Should the spin-off occur, it will be made by means of a distribution by Qualcomm to its stockholders of shares of a new company created in order to effect the transaction. The new entity is currently known as "Qualcomm SpinCo, Inc." (SpinCo) but will change its name prior to the completion of the transaction.

Holders of Qualcomm Common Stock will receive one share of SpinCo Common Stock for each four shares of Qualcomm Common Stock held as of a record date to be specified. In addition, outstanding Qualcomm stock options and trust convertible preferred securities will be adjusted so that upon exercise or conversion thereof, the holders will receive the number of SpinCo shares that would have been issued with respect to such securities had they been exercised or converted immediately prior to the distribution. The distribution is expected to be taxable as a dividend to each stockholder of Qualcomm on the date of distribution. Following the distribution, Qualcomm expects that a public market will exist for the SpinCo Common Stock.

The distribution remains subject to approval by Qualcomm's Board of Directors. Until the distribution has been completed, the terms of the distribution may be modified or the transaction may be abandoned at any time.

Upon completion of the distribution, SpinCo will own Qualcomm's joint venture and equity interests in Pegaso S.A. de C.V. (Mexico), Metrosvyaz (Russia), Telesystems of Ukraine (Ukraine), ChileSat Telefonía Personal,S.A. (Chile), Chase Telecommunications, Inc. (United States), OzPhone Pty. Ltd. (Australia) and certain other development-stage businesses. Qualcomm also intends to transfer to SpinCo $10 million in cash, certain notes convertible into equity interests in certain of these operating companies and certain other indebtedness of such companies owed to Qualcomm. In addition, Qualcomm will make a substantial funding commitment to SpinCo in the form of a $250 million secured credit facility.

Qualcomm will retain a warrant to purchase shares of SpinCo Common Stock exercisable during the ten years following the distribution, representing approximately 18% of SpinCo's outstanding shares on a fully-diluted basis as of the distribution date. Qualcomm will continue as an equipment supplier for SpinCo's operating companies and will retain substantially all of its rights under its equipment supply agreements with those entities.

Harvey P. White, who has served as president of Qualcomm since May 1992, will serve as SpinCo's president, chief executive officer and chairman of the board. In addition, Thomas J. Bernard, who has served as senior vice president and general manager of Qualcomm's Infrastructure Products Division since April 1996, will serve as executive vice president of SpinCo.

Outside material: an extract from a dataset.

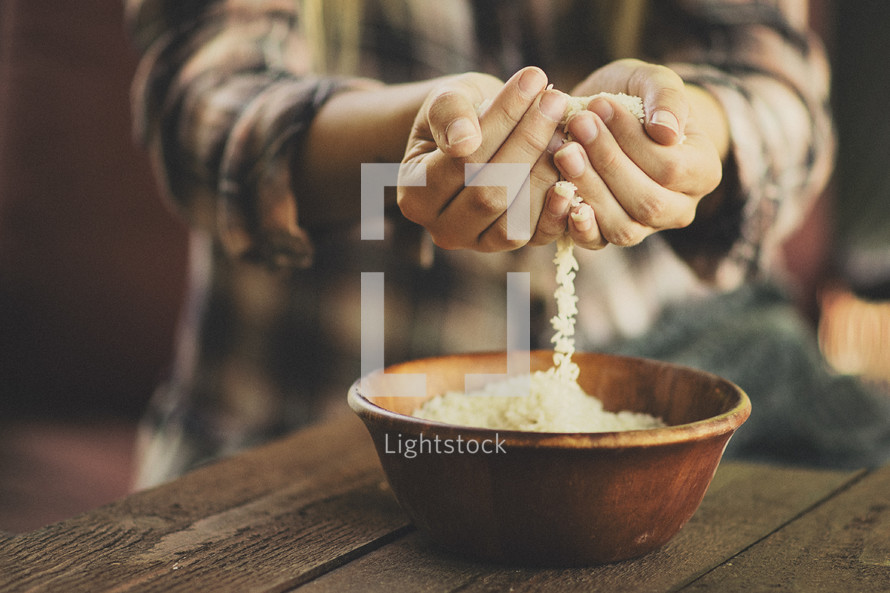 cupped hands holding rice grains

The distribution of the SpinCo Common Stock shall only be made by means of a prospectus. An information statement relating to these securities has been filed with the Securities and Exchange Commission but has not yet become effective. These securities may not be sold nor may offers to buy be accepted prior to the time the information statement becomes effective. This press release shall not constitute an offer to sell or the solicitation of an offer to buy nor shall there be any sale of these securities in any state in which such offer, solicitation or sale would be unlawful prior to registration or qualification under the securities laws of any such state.

Headquartered in San Diego, Qualcomm develops, manufactures, markets, licenses and operates advanced communications systems and products based on its proprietary digital wireless technologies. The Company's primary product areas are the OmniTRACS® system (a geostationary satellite-based, mobile communications system providing two-way data and position reporting services), CDMA wireless communications systems and products and, in conjunction with others, the development of the Globalstar low-earth-orbit (LEO) satellite communications system. Other Company products include the Eudora Pro® electronic mail software, ASIC products, and communications equipment and systems for government and commercial customers worldwide. For more information on Qualcomm products and technologies, please visit the Company's web site at http://www.qualcomm.com/.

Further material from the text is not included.